== Dataset content ==

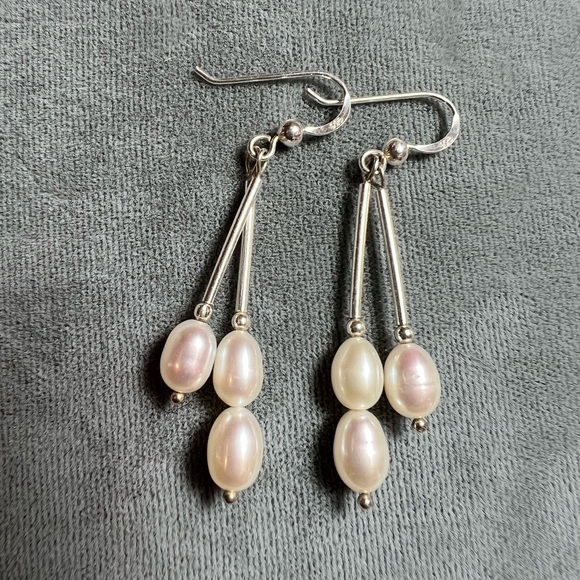 Freshwater Pearl and Sterling Silver earrings - Picture 3 of 6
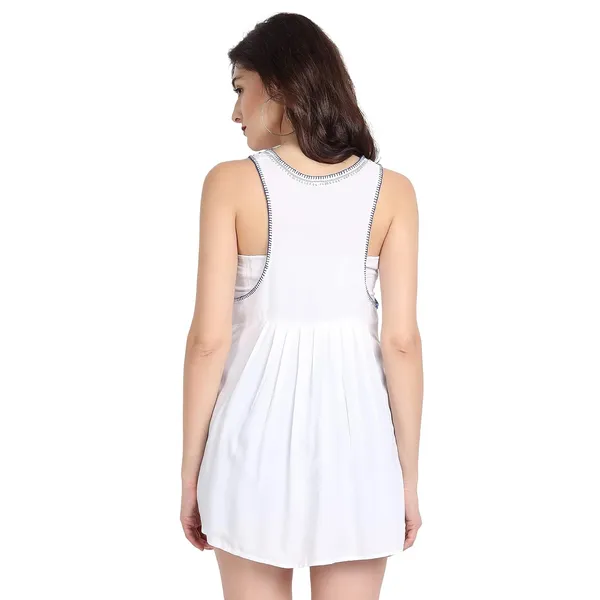 Preistene_White_Lucknow_Chikankari_Kurta_Top_Kurtis_In_Hand_Embroidery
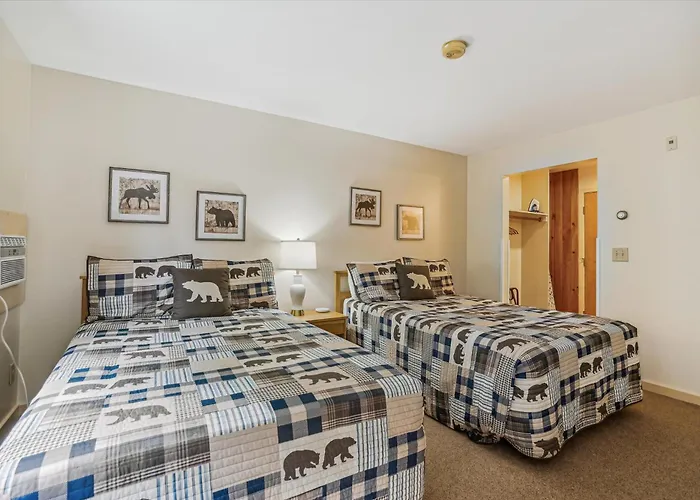 Cedarbrook Deluxe One Bedroom Suite With Outdoor Heated Pool 21416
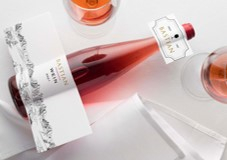 Aufbringung von Weinflaschenetiketten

===

-- What to produce --
Return every line of the listing exactly, leaving its pictures behind.

-- Written response --
 Freshwater Pearl and Sterling Silver earrings - Picture 3 of 6
 Preistene_White_Lucknow_Chikankari_Kurta_Top_Kurtis_In_Hand_Embroidery
 Cedarbrook Deluxe One Bedroom Suite With Outdoor Heated Pool 21416
 Aufbringung von Weinflaschenetiketten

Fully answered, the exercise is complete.